### WORK ORDER
Set down a faithful copy of every record, and skip the pictures in it.

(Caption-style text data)
━━━━━━━━━━━━━━━━━━━━

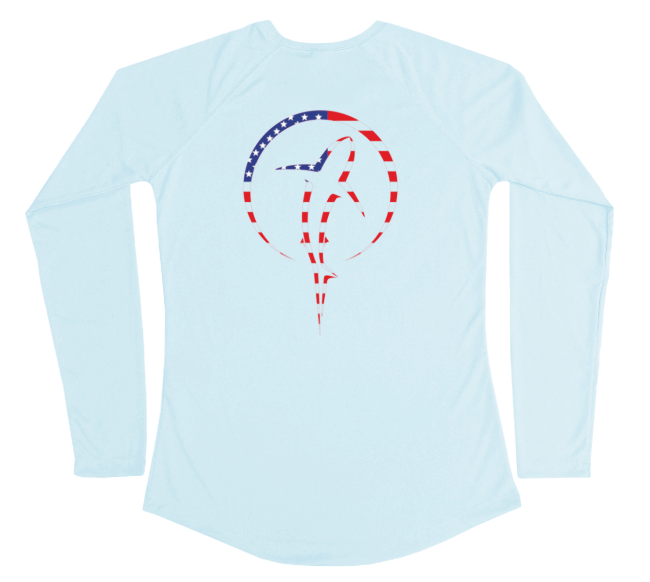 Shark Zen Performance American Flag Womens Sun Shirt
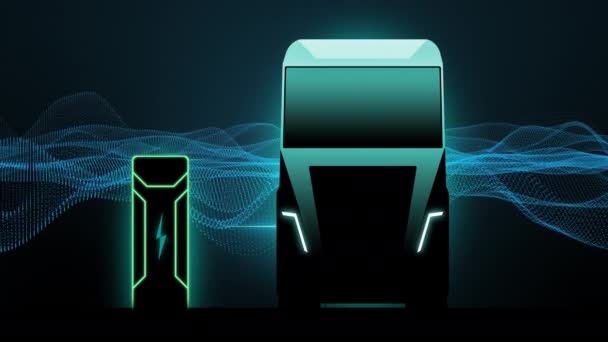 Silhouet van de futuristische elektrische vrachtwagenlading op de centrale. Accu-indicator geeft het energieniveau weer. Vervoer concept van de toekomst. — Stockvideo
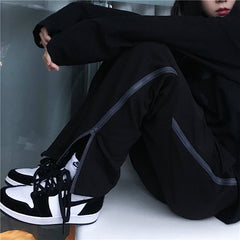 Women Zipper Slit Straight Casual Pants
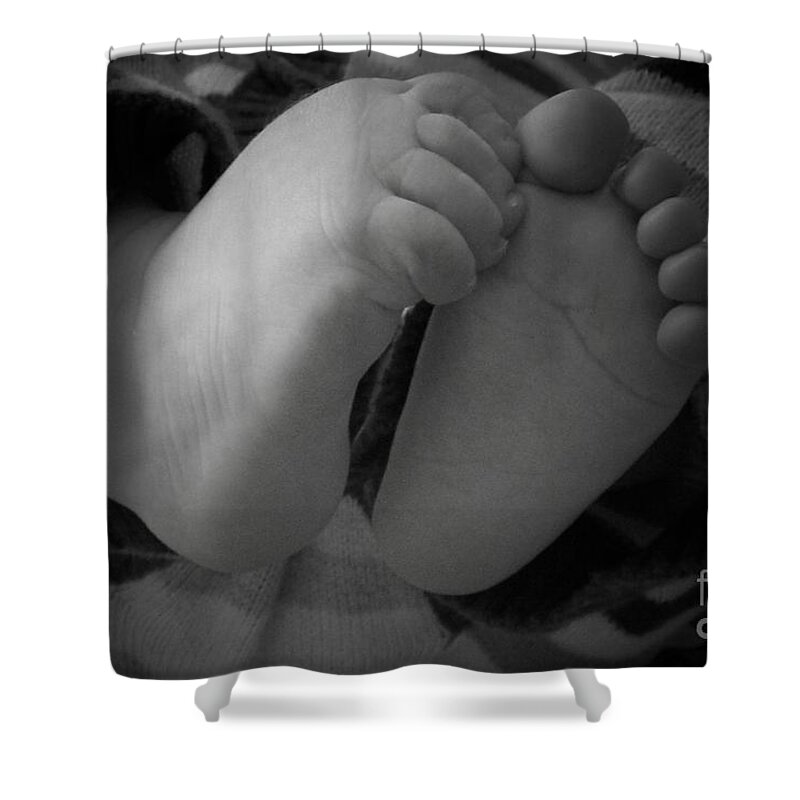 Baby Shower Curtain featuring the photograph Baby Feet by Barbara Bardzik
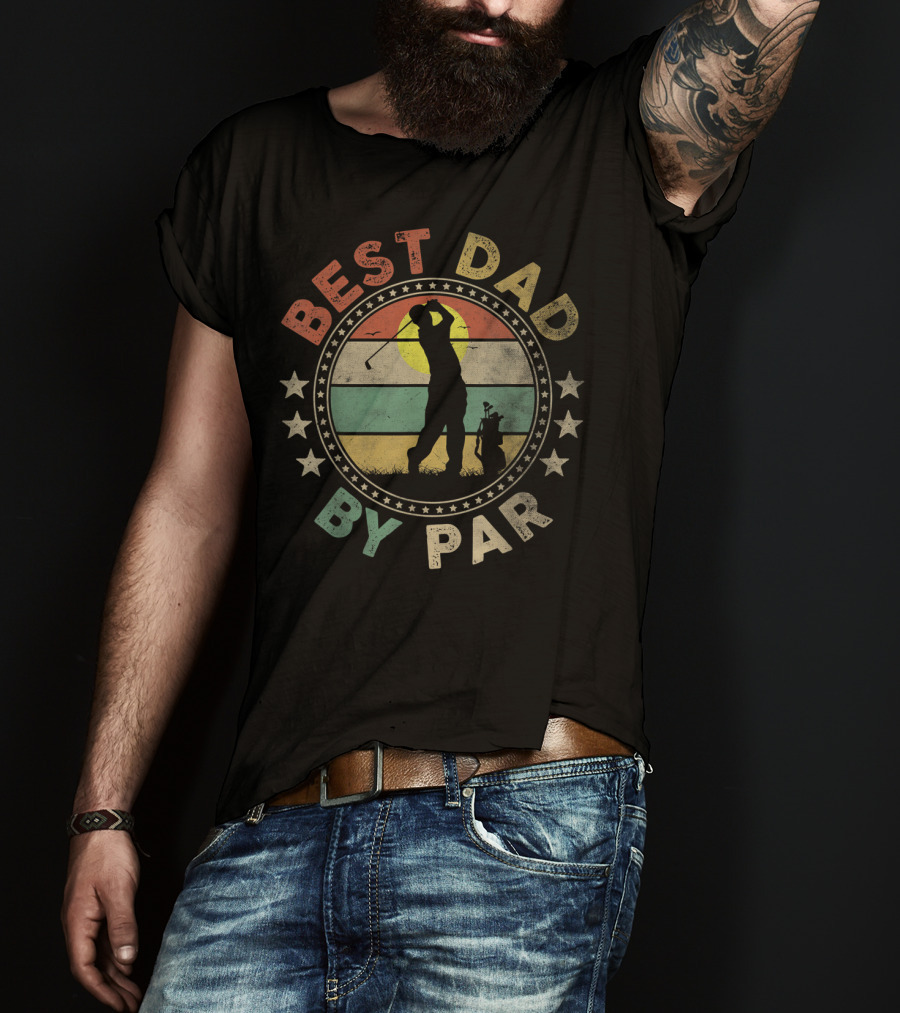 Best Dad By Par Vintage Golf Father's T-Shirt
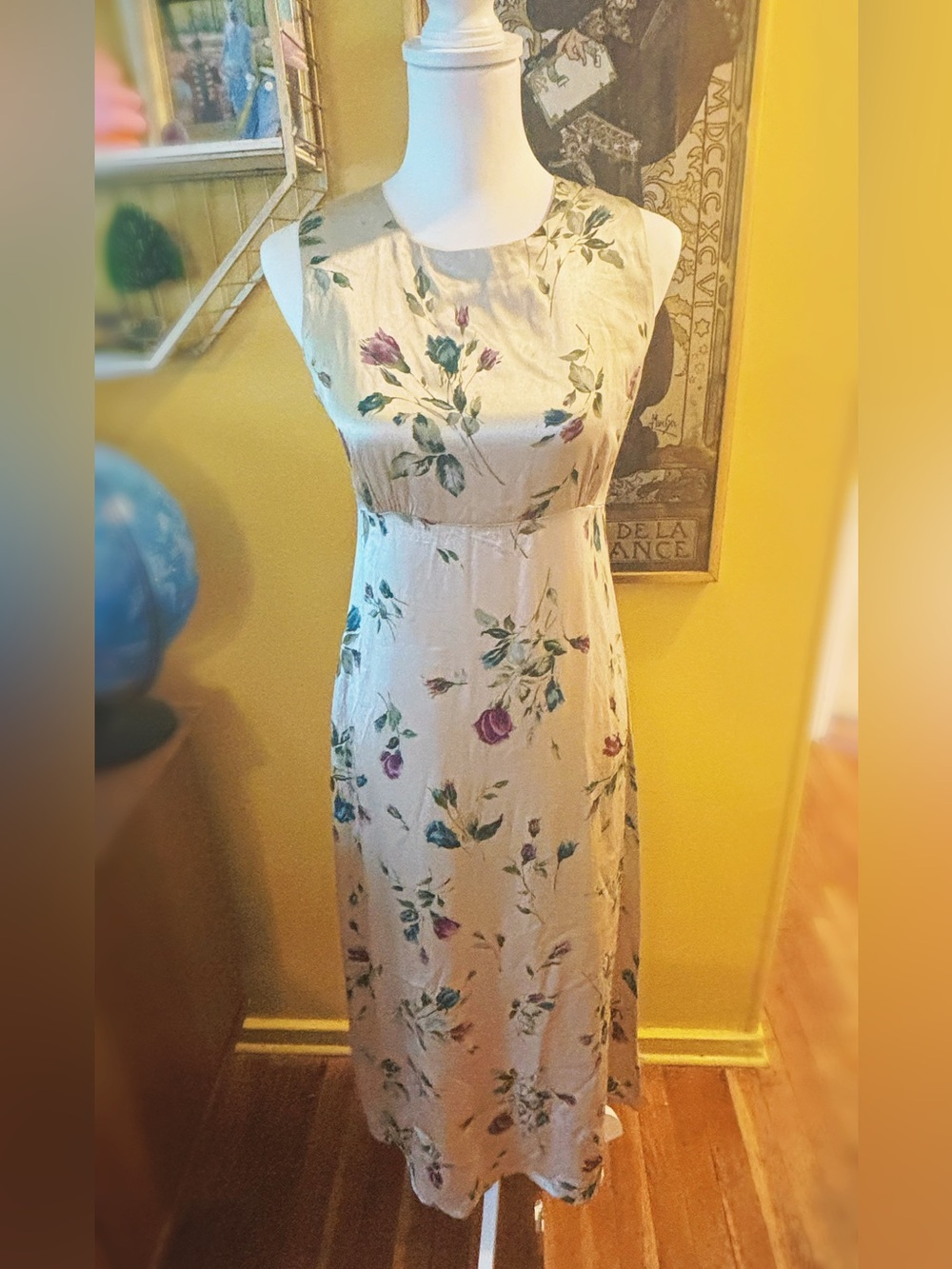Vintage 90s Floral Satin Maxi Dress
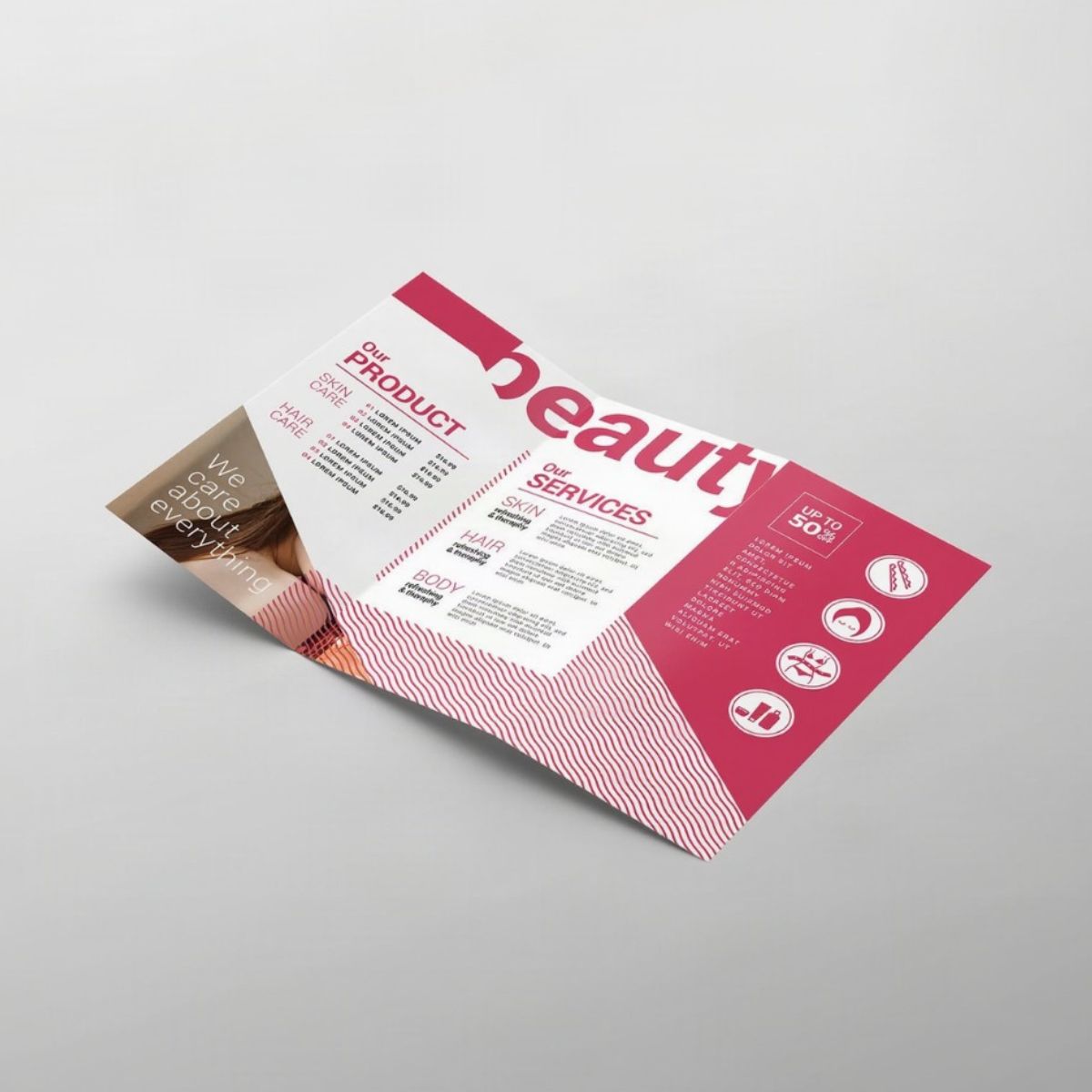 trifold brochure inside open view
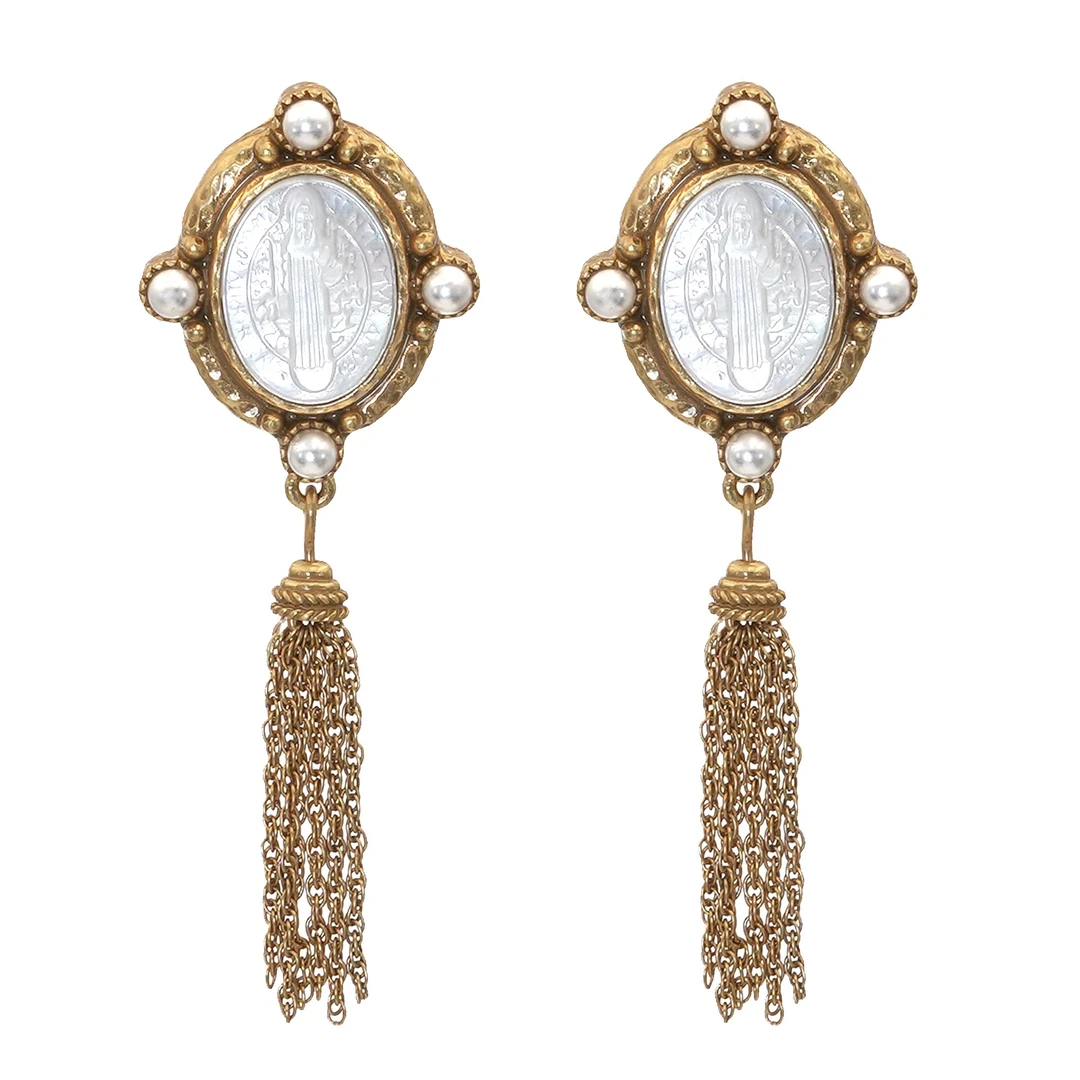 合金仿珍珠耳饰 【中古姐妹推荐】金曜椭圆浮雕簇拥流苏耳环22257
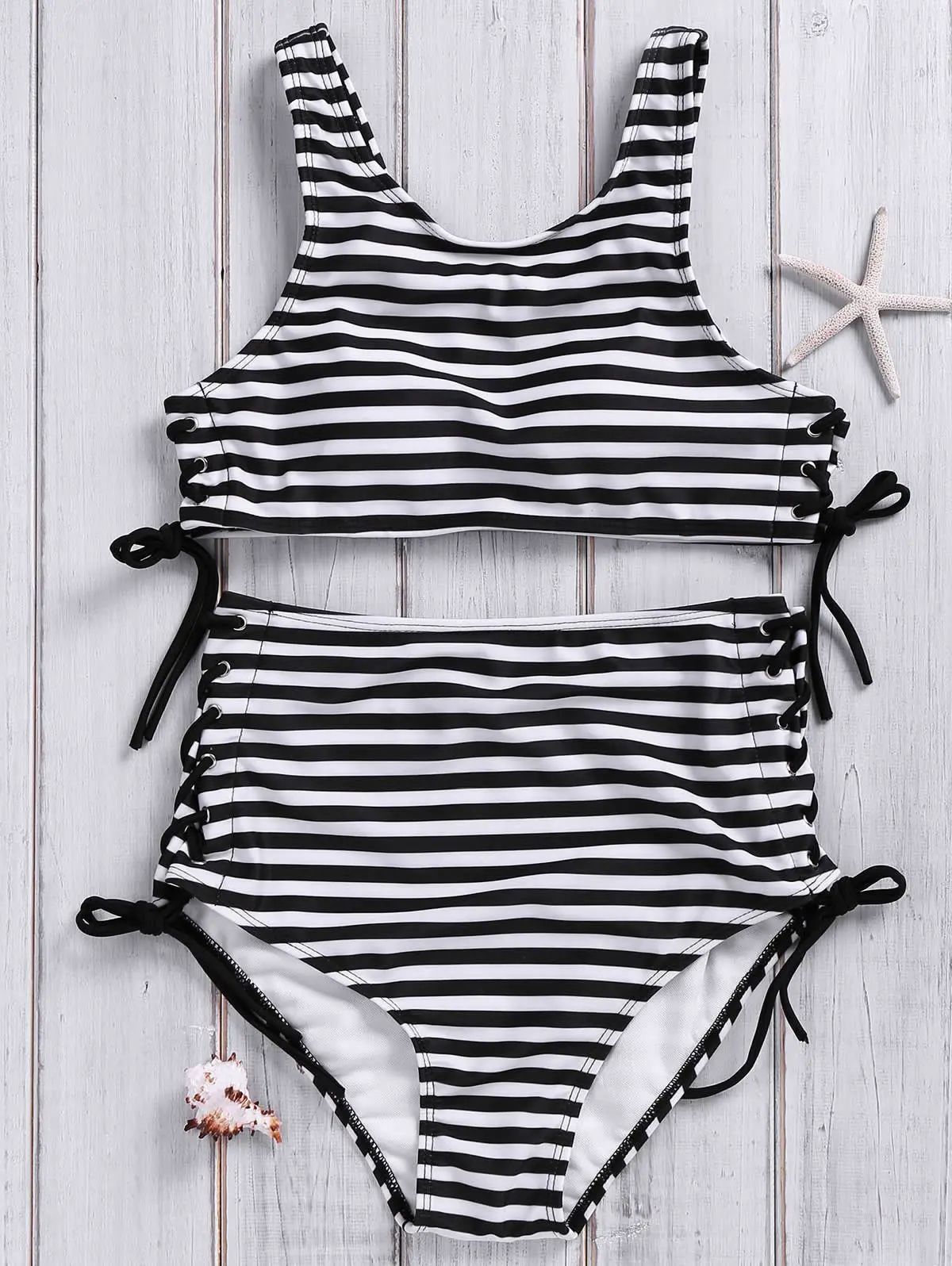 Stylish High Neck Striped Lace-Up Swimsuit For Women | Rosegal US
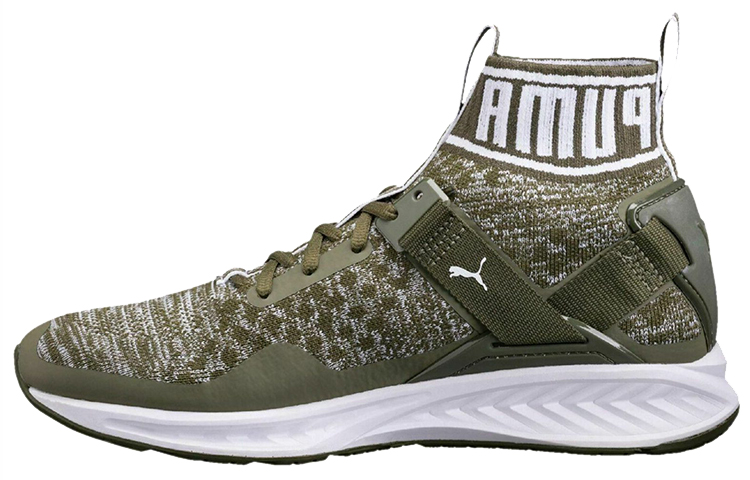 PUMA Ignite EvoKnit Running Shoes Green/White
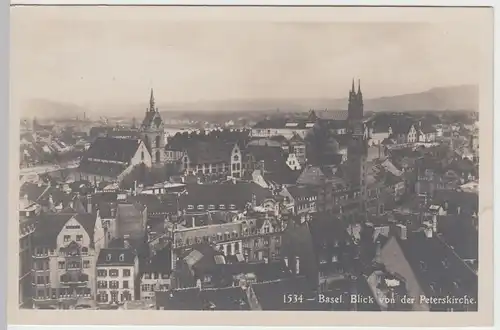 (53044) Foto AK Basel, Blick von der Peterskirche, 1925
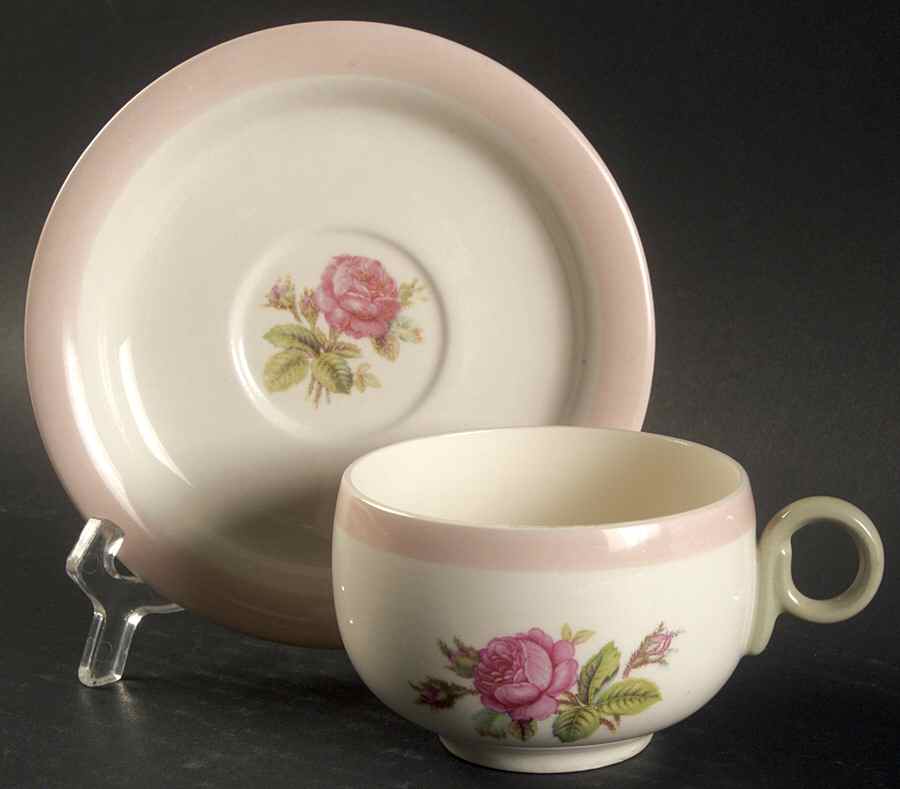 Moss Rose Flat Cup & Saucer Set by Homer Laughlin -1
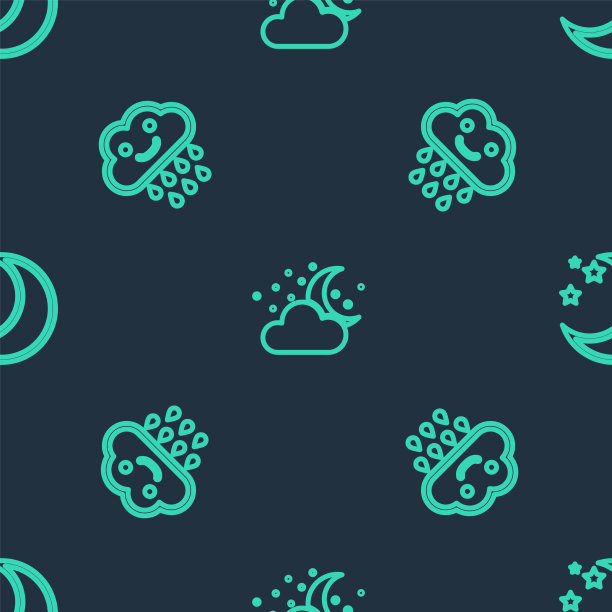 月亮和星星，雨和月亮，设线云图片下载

━━━━━━━━━━━━━━━━━━━━

### TASK OUTPUT
 Shark Zen Performance American Flag Womens Sun Shirt
 Silhouet van de futuristische elektrische vrachtwagenlading op de centrale. Accu-indicator geeft het energieniveau weer. Vervoer concept van de toekomst. — Stockvideo
 Women Zipper Slit Straight Casual Pants
 Baby Shower Curtain featuring the photograph Baby Feet by Barbara Bardzik
 Best Dad By Par Vintage Golf Father's T-Shirt
Vintage 90s Floral Satin Maxi Dress
 trifold brochure inside open view
 合金仿珍珠耳饰 【中古姐妹推荐】金曜椭圆浮雕簇拥流苏耳环22257
 Stylish High Neck Striped Lace-Up Swimsuit For Women | Rosegal US
 PUMA Ignite EvoKnit Running Shoes Green/White
 (53044) Foto AK Basel, Blick von der Peterskirche, 1925
 Moss Rose Flat Cup & Saucer Set by Homer Laughlin -1
 月亮和星星，雨和月亮，设线云图片下载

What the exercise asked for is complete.